Exposing a GraphQL endpoint has the same issues as exposing a DB. You need to define granularity of access to each individual table, column and row for each user.

I’ve yet to find a GraphQL interface that doesn’t expose too much information or fail to follow the principle of least privilege. Even IKEA, who I think has possibly the best GraphQL corporate-built implementation I’ve ever seen, exposes a little too much.

Think about your IAM environment and all the exceptions you need to grant users. The same thing exists for data and eventually the ease of use we trade for developers to rapidly prototype results a data breach. Why? Because someone enabled introspection to debug a production issue, or forgot to tick a box or define a parameter when deploying a data model change. Boring old RPC and REST typically doesn’t carry this level of risk, or has tooling to prevent it.
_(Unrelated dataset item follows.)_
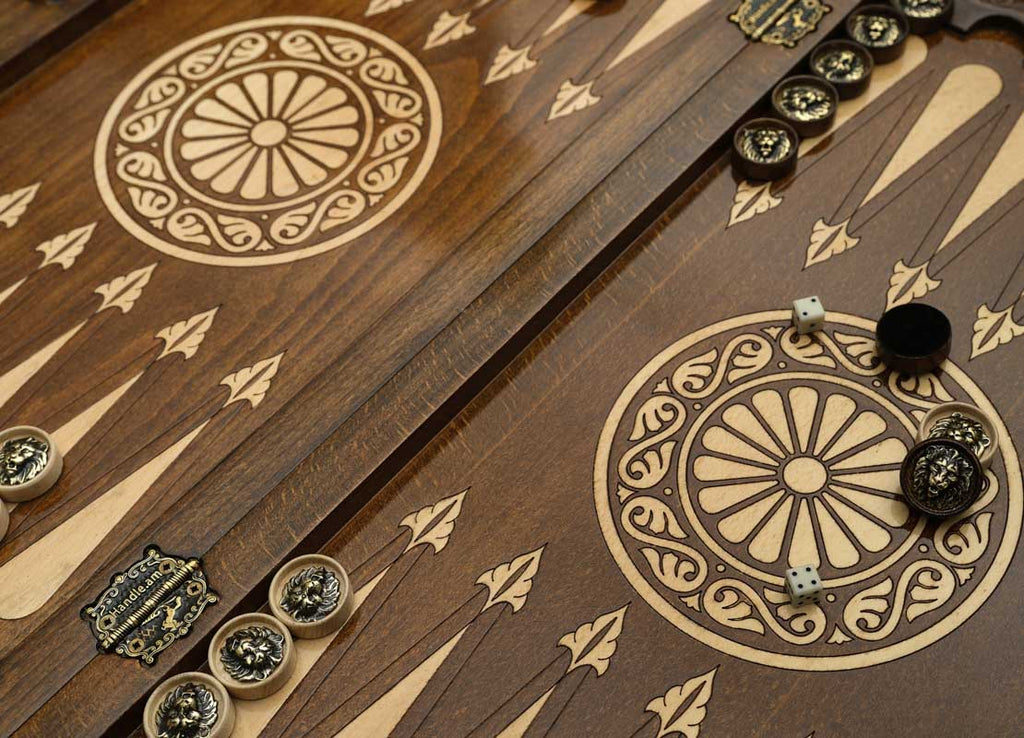 Close-up of the backgammon checkers, dice and cup on the Handle Lion table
As someone who chases bug bounties, please keep building out GraphQL. My mortgage appreciates it.

But as someone whose day job is more on the blue-team side - no, you won’t get my sign-off. This is not acceptable risk.




How does REST solve this any better? As soon as you have certain entities or fields which are visible only to certain subsets of users, surely the problem complexity is essentially the same.
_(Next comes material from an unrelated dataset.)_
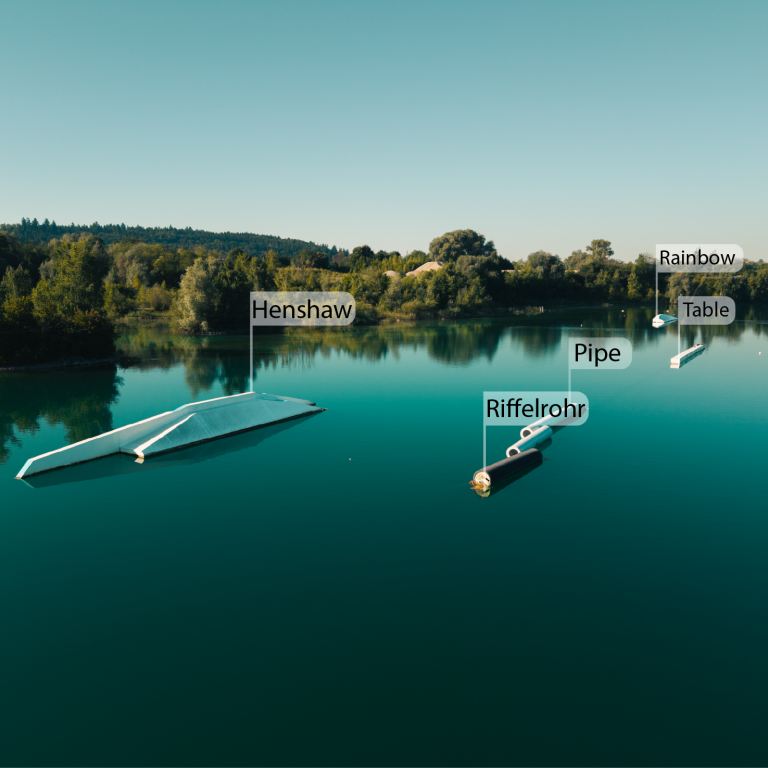 Hindernisse im Wakepark Pfullendorf Blick auf einen ruhigen See mit schwimmenden Objekten und Beschriftungen für Aktivitäten.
In theory REST doesn’t, in practice it does. The reason why is because most RESTful interfaces are built and deployed separately. You don’t throw an interface on top of a data model and presto, you’ve accidentally exposed your customer data to the internet.

The other aspect is with REST the interface is strictly defined. There’s no unknown data being disclosed, you’ve defined the resource and understand the authorization required by building it in the first place. Yes, mistakes are made by engineers who don’t understand what PII is or don’t care what the access control for the endpoint looks like, but at least you can spend time actually scoping it and defining what that looks like.

How do you threat model a constantly changing database? You could throw flags on fields and have that tie in with your GQL orchestration lib/tooling, but that’s something that very, very few organisations can get right.

Not even 1%, I’d say maybe less than 100 in the world.